Deutschland unterstützt den Einsatz nur verbal. Wie bewerten Sie die Zurückhaltung? Vor zwei Jahren beim Kongo-Einsatz gab es weniger Scheu.
Die neue französische Regierung betreibt eine offensive Afrika-Politik, nicht nur im Rahmen der EU, sondern auch alleine. Sie ist sehr aktiv im Ringen um Einfluß auf dem afrikanischen Kontinent, wobei es auch um Rohstoffe geht. Im Gegensatz zu Frankreich hat Deutschland keine alten Kolonien, die heute noch eng mit der ehemaligen Kolonialmacht »verbunden« sind. Die BRD kann sich in bezug auf Afrika nur sehr bedingt auf geschichtliche Traditionen berufen. Natürlich will sie dabeisein, wie der Kongo-Einsatz zeigt.

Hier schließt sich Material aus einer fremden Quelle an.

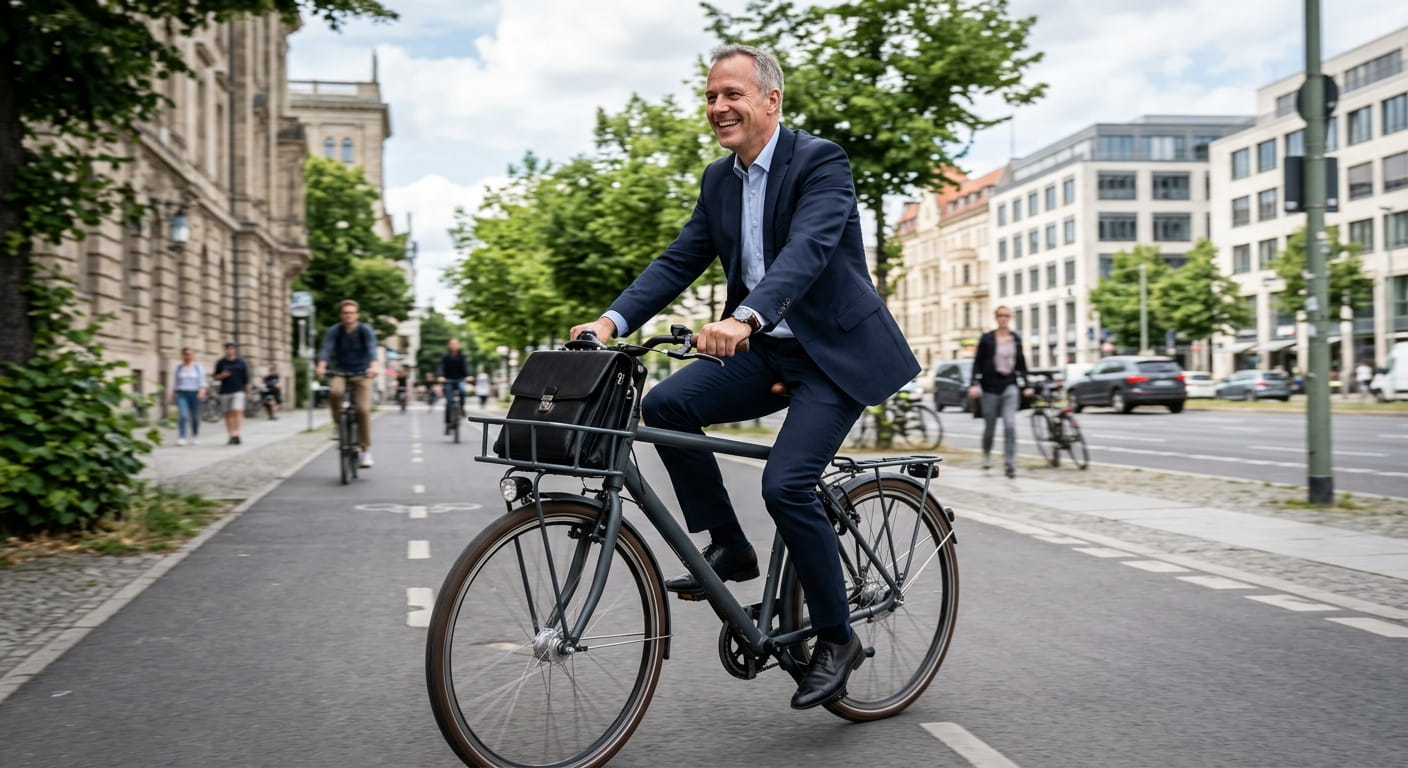 Dienstrad-Statistiken Zahlen, Fakten und Ersparnisse beim E-Bike-Leasing 2026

Aber nur, wenn sie eine relevante Rolle spielt und nicht als Appendix wie im Falle des Tschad.

Welche Auswirkung hat die neue Rivalität zwischen Paris und Berlin um die führende Rolle in Europa auf die EU-Militärpolitik?
Es gibt echte Konflikte in der EU-Kriegspolitik. Es geht darum, wer wo was zu sagen hat? Diese Konflikte treiben die Militarisierung weiter voran, weil immer neue Einsätze diskutiert werden. Für die Antikriegs- und Friedensbewegung, für Linke in der Partei Die Linke und außerhalb muß klar sein: Neokoloniale Politik, die immer kriegerischer wird, ist nie gut. Die EU als imperialer Akteur muß ernster genommen werden, und es muß politisch gegengehalten werden.